Speaking to BBC Radio 4’s John Humphrys on the Today programme, Ambassador Johnson denied that a bilateral trade deal between the UK and U.S. would result in a “lower standard” of food, and hit back at claims by former farming minister George Eustice that American food standards are “backward” and that “legislation on animal welfare is woefully deficient” — suggesting that American farmers do not care about their own animals.
“A lot of these statements have been used to create trade barriers more than anything else,” Ambassador Johnson said on Wednesday.
He went on to defend American farmers, whom he likened to the British farming community, by saying, “Our farms are owned primarily by individual families, over 90 per cent, just like they are here,” and added that his own mother, who was an organic farmer, “would be horrified by these accusations” against U.S. agriculture.
“American farmers care about their land, just as much as they do here, and their animals,” the diplomat said, and in response to what appeared to be surprise at the assertion by Humphrys, reaffirmed his comment by saying, “Yes.”
“I would submit that a lot of these statements are designed, perhaps by the EU, to create barriers, really, to U.S. farm products. That’s what I was trying to get at in that article,” he said, adding that the “campaign against U.S. farm products has been very very successful, talking about chlorine and all this other stuff. But it’s really designed to reduce trade and not increase trade.”
In efforts to remind the establishment media outlet’s listeners of the ‘dangers’ of American food, Humphrys asked whether, if offered a choice, the ambassador would choose a “chlorine-washed chicken or hormone injected beef” over “a nice plate of organic chicken or a bit of beef that hasn’t had its bottom stuffed with hormones?” The American observed that “that’s exactly the ‘marketing campaign’ that’s been going on so far.”
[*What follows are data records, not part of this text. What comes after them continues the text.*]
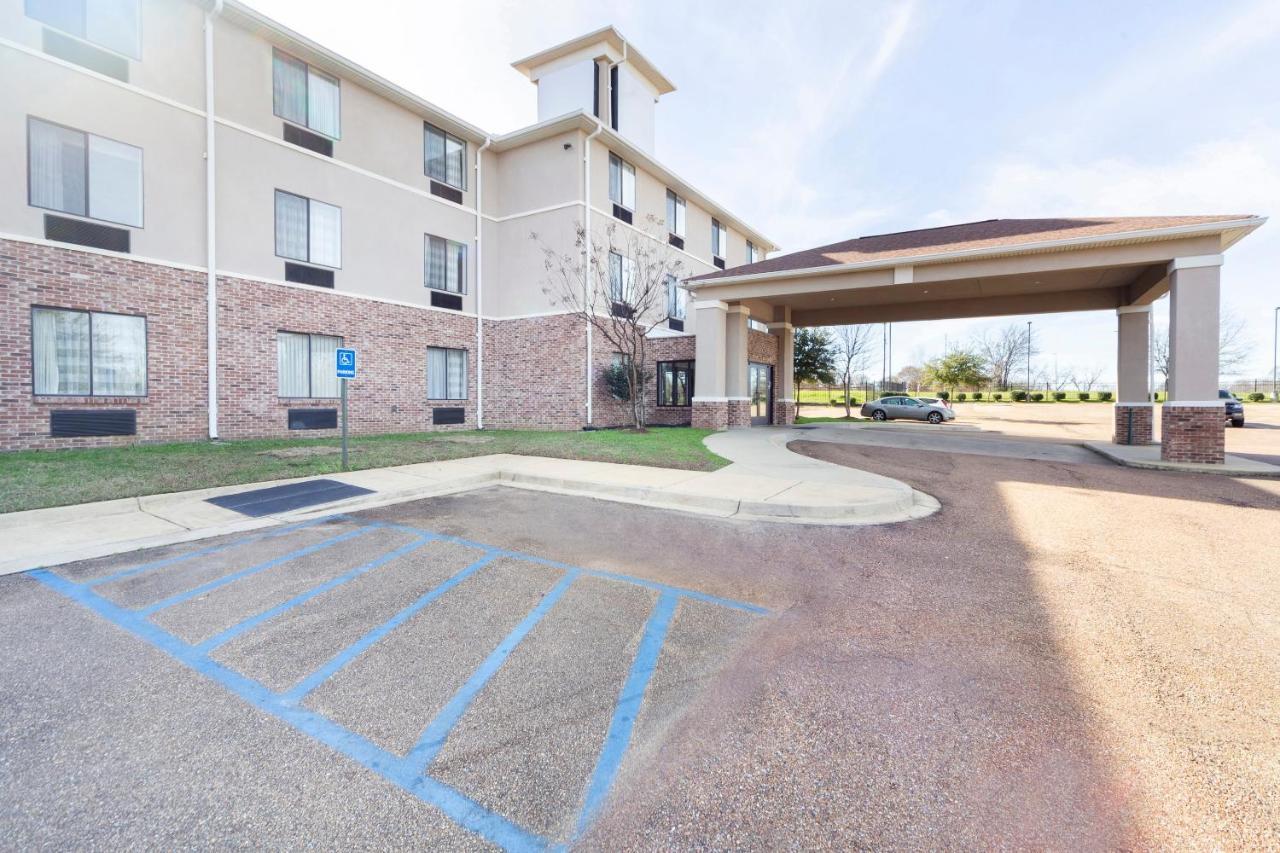 Hotel Ramada By Wyndham Jackson Ms Exterior foto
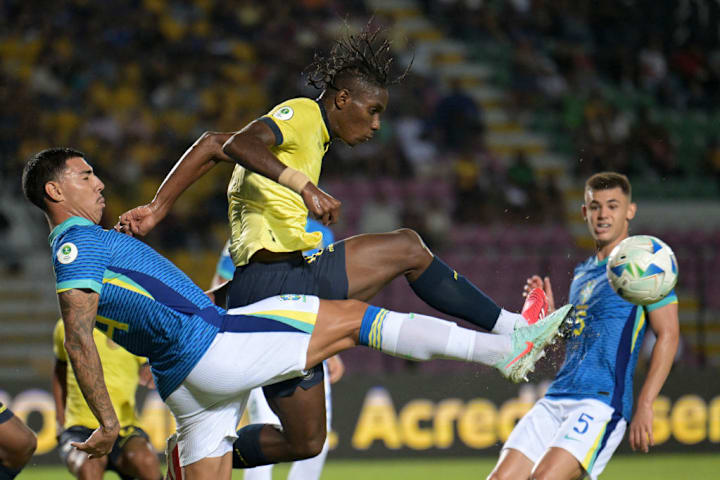 TOPSHOT-FBL-SOUTHAM-U20-ECU-BRA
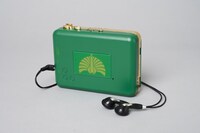 東京事変「総合」UNIVERSAL MUSIC STORE限定盤コンプリートセットの特典ポータブルカセットプレイヤー「MOONWALKマン」。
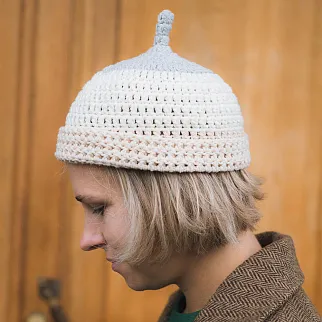 Шапка CHECK YA HEAD бежевая 25224/147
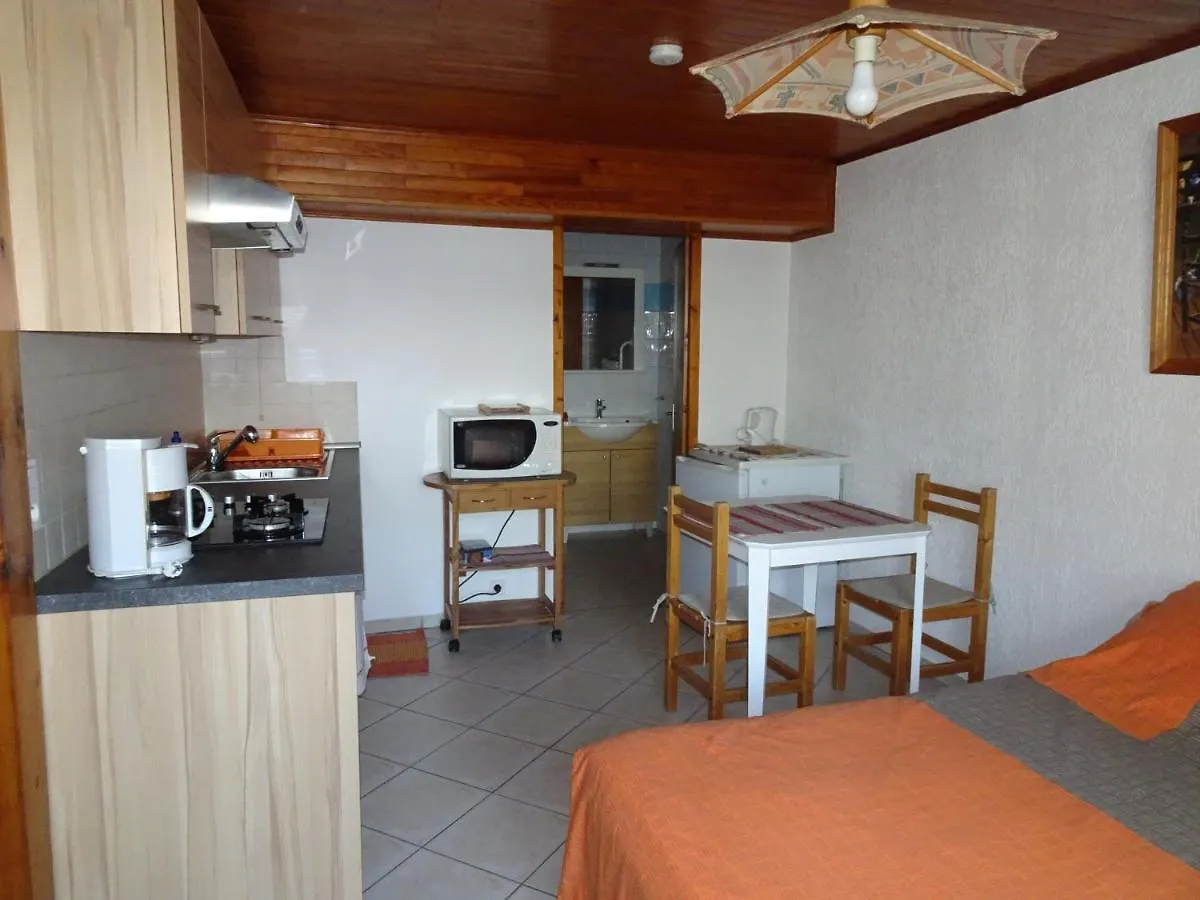 Charmant Studio A Landry フランス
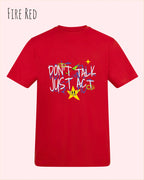 Das Bild zeigt das Baumwolle Unisex T-Shirt AWDis 150 T in der Farbe FIRE RED mit dem STATEMENT Design DON’T TALK JUST ACT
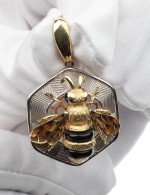 Подвеска из лимонного золота 585 пробы c эмалью, ониксом и эмалью
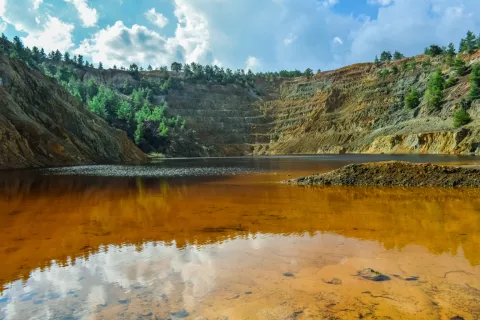 ¿Por qué es el Día Mundial contra la Megaminería? Lago ácido contaminado por la megaminería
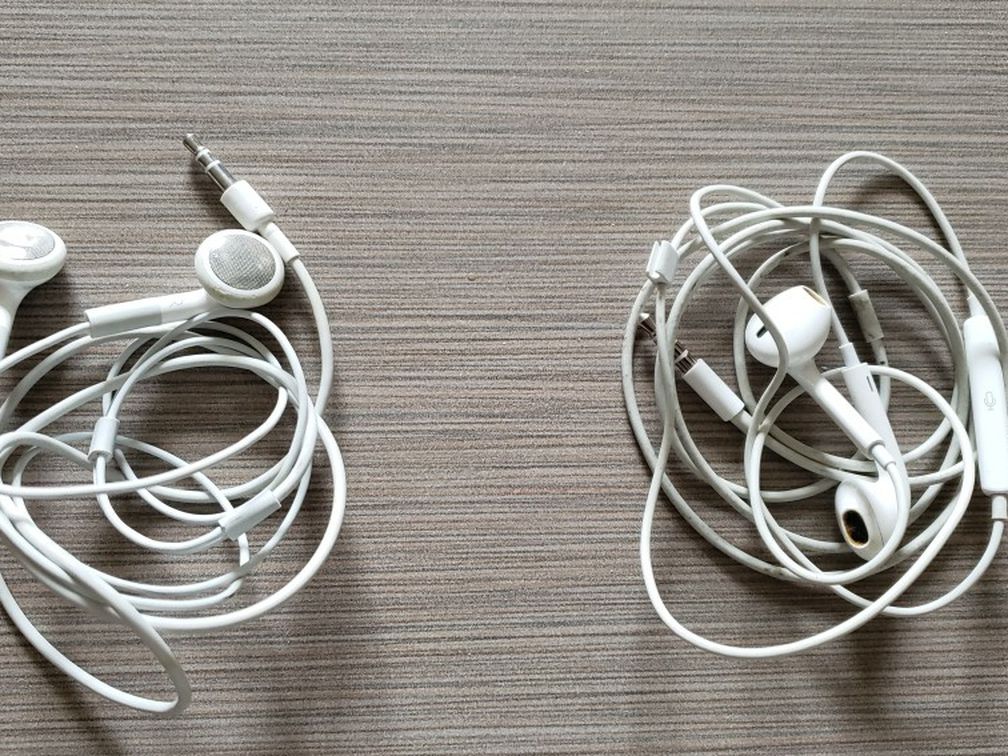 6 Headphones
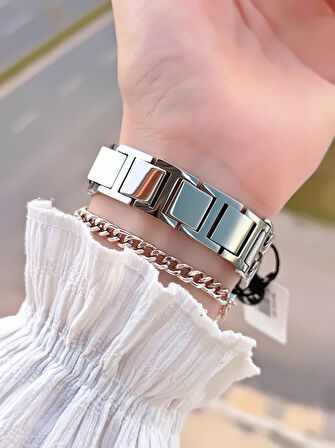 Daniel Klein Çelik Kordon 30 Mt Suya Dayanıklı Kadın Kol Saati+Bileklik BF.GF.10821.1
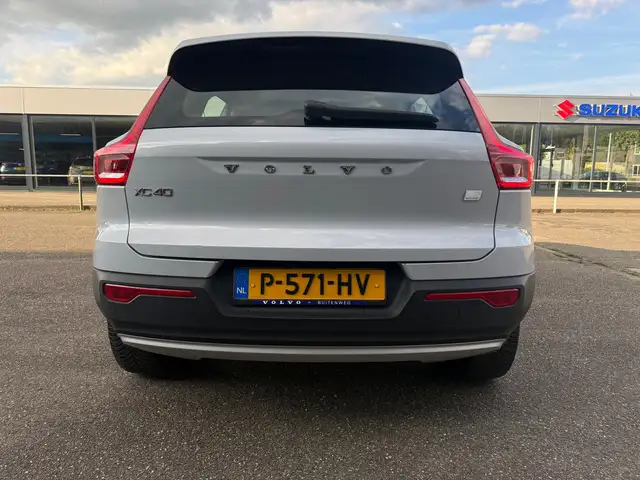 Volvo XC40 view 3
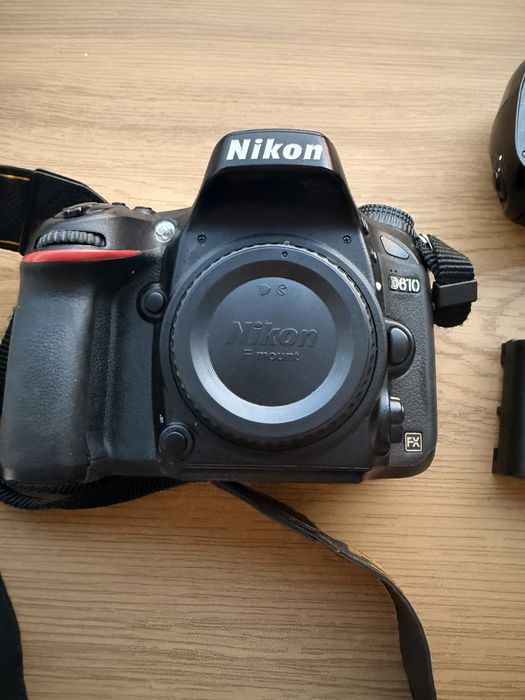 Nikon D610 + 3aku + grip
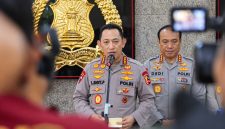 Kapolri Jenderal Polisi Listyo Sigit Prabowo memerintahkan seluruh jajaran Polri meningkatkan kesiapsiagaan menghadapi dampak erupsi Gunung Anak Krakatau.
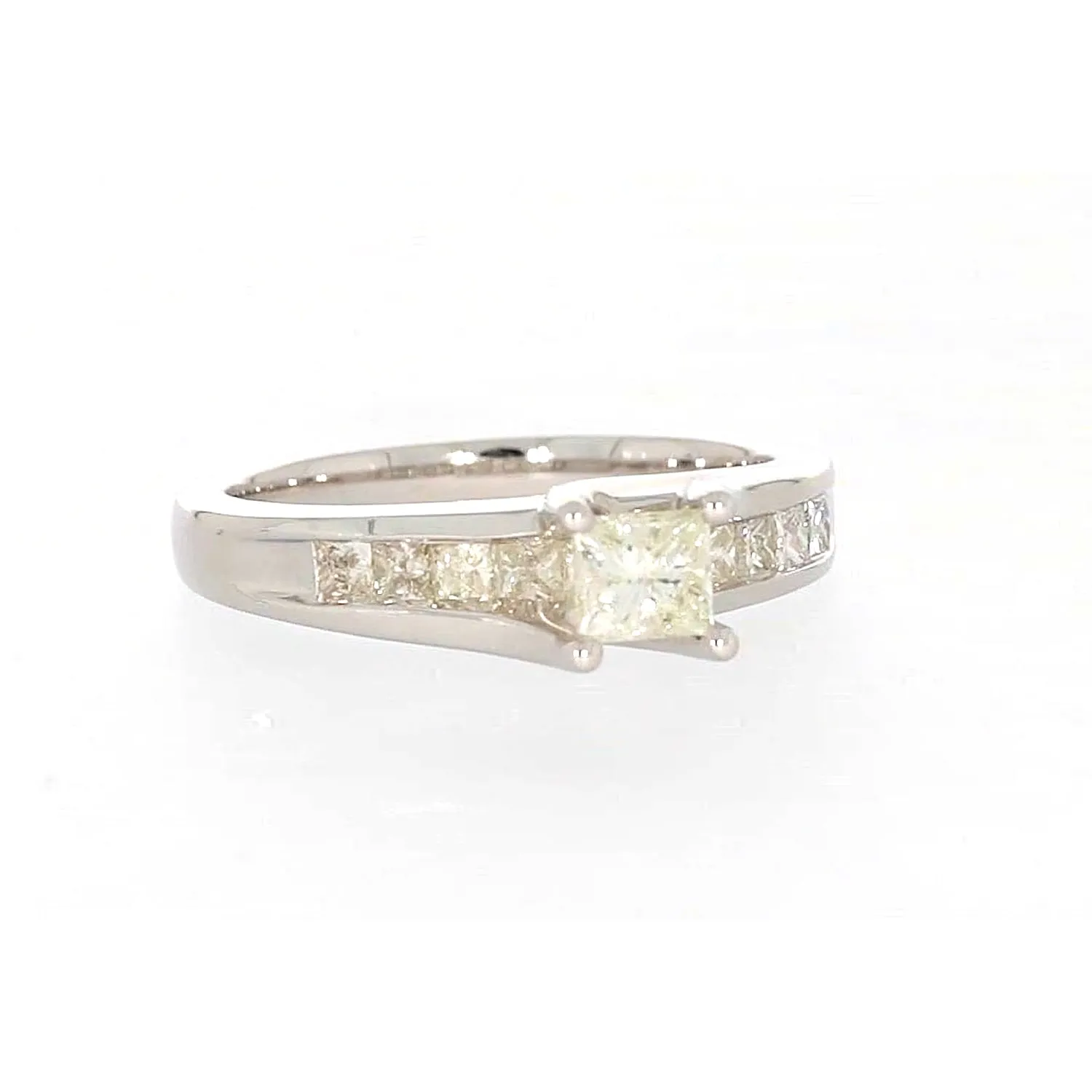 New York 14ct White Gold Princess Cut with 1 CARAT tw of Diamonds Ring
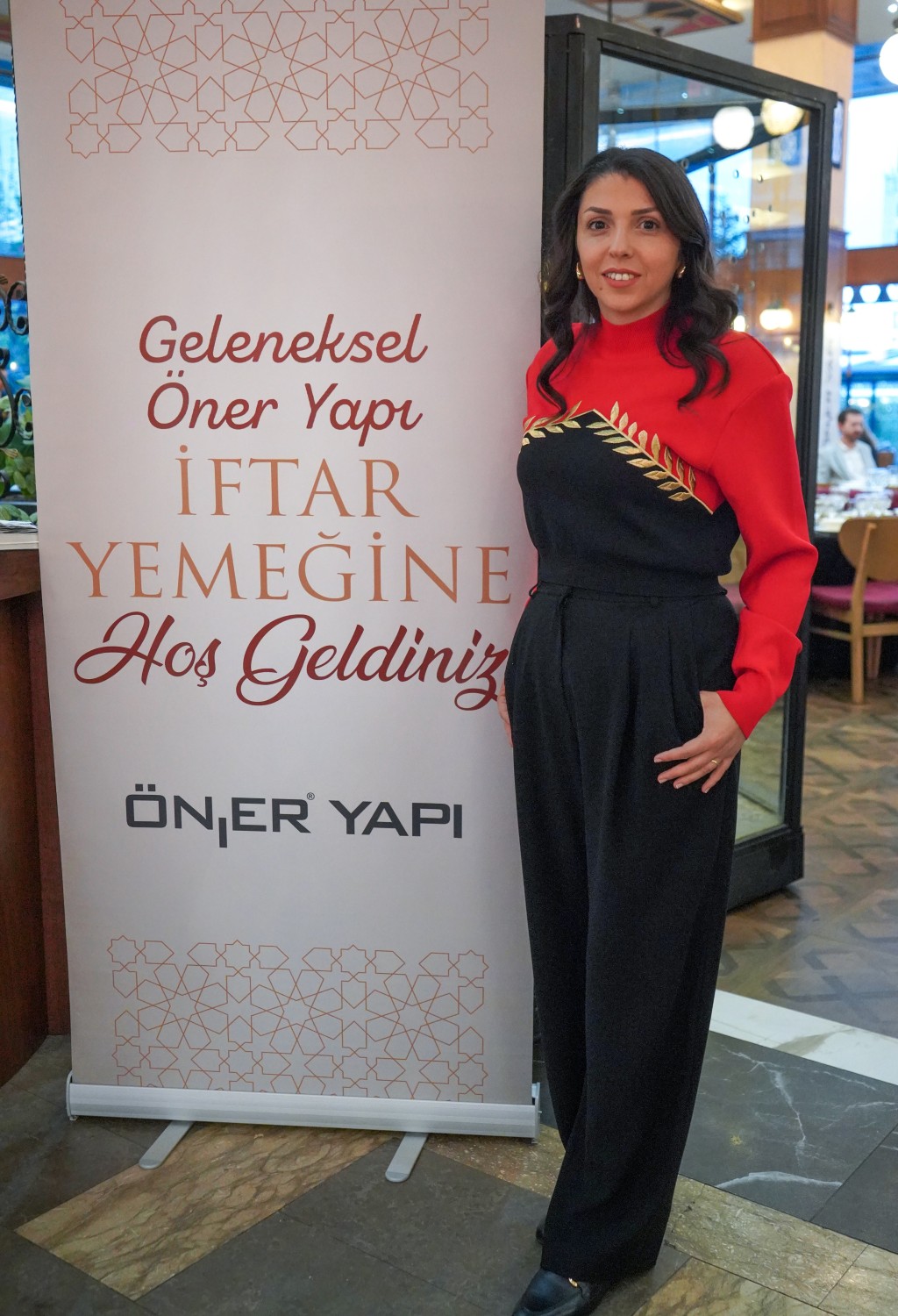 Öner Yapı ailesi düzenlediği geleneksel iftar yemeğinde Bursa iş dünyasını buluşturdu.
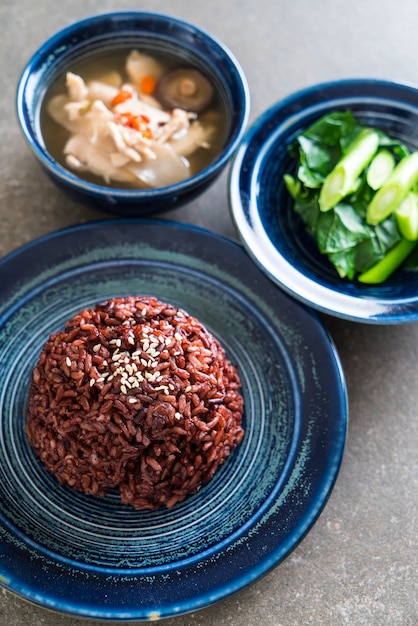 chicken and herb soup, chinese kale with berry rice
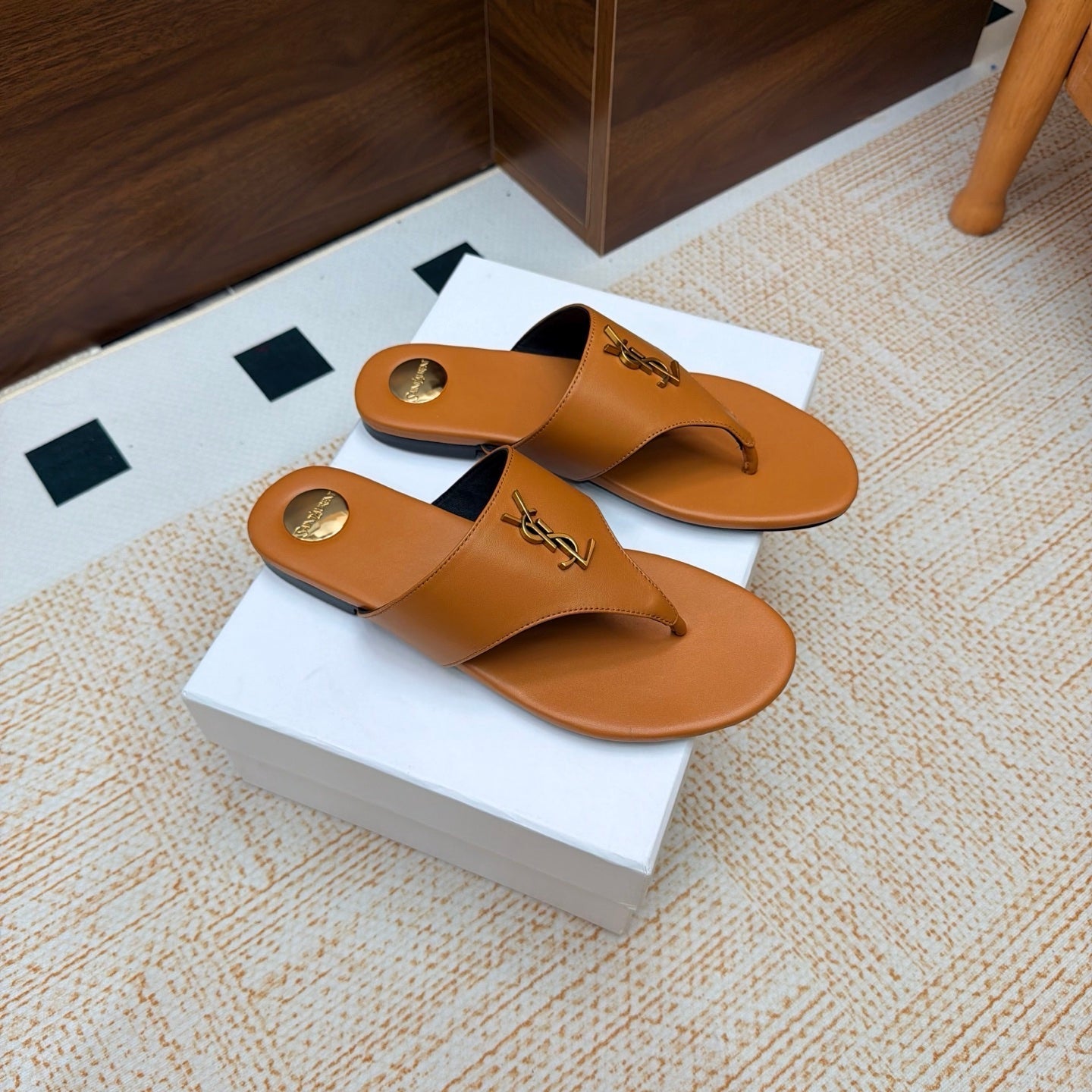 YSL 26S THONG SANDALS IN LIGHT BROWN CALFSKIN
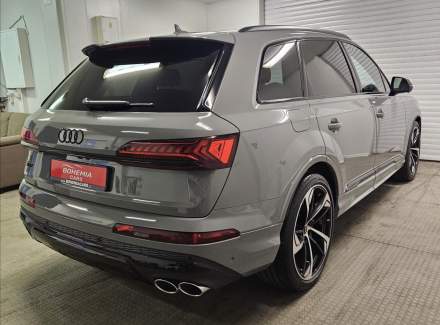 Audi - SQ7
Saying that he would choose a piece of meat that had been “cleaned sufficiently,” he pointed out that the United States has “a very active legal system” that would approach the issue of food safety rather vigorously if the country’s market of 250 million consumers were dissatisfied with the quality of their meat.
Ambassador Johnson, who, like U.S. President Donald J Trump, is an Anglophile, added that a good trade deal would “lift all boats” and would open the American market to Britain’s foods.
“You could gain a lot,” the diplomat said. “We love British products — lamb and cheddar and all the things you produce, but we really aren’t exposed to it,” adding that at President Trump’s next visit to the UK, he will likely be eating Welsh lamb.
Asked whether, with current uncertainty over when and how the UK will leave the EU, the Anglo-American relationship would be affected, the diplomat said that while Brexit was a “watershed moment,” the U.S. and “our special relationship will continue and prosper no matter what.”
“In any situation, I know that our two countries have to be together in this free world. There’s a lot of danger out there so our relationship is more important now than ever, whatever happens with Brexit,” he added.